● Task to complete:
A complete response lists each line of the data below that includes the word "sticker".

━━━

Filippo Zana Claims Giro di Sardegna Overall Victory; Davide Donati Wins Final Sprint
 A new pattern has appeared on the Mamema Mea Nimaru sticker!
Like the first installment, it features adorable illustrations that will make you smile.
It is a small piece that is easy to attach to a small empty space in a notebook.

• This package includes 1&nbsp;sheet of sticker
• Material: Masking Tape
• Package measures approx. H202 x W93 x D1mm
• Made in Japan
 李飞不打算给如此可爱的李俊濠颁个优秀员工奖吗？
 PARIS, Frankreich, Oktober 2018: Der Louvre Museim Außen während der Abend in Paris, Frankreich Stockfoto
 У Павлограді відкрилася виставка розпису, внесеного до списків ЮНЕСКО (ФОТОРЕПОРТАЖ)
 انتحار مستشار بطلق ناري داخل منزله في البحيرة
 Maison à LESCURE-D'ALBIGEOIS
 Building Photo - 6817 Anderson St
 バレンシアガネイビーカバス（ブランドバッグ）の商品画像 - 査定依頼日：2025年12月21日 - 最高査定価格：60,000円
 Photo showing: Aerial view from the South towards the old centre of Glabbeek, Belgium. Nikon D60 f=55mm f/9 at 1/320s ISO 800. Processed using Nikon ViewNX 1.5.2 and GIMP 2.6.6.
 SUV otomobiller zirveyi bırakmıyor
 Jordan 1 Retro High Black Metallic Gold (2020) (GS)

━━━

● Exercise result:
 A new pattern has appeared on the Mamema Mea Nimaru sticker!
• This package includes 1&nbsp;sheet of sticker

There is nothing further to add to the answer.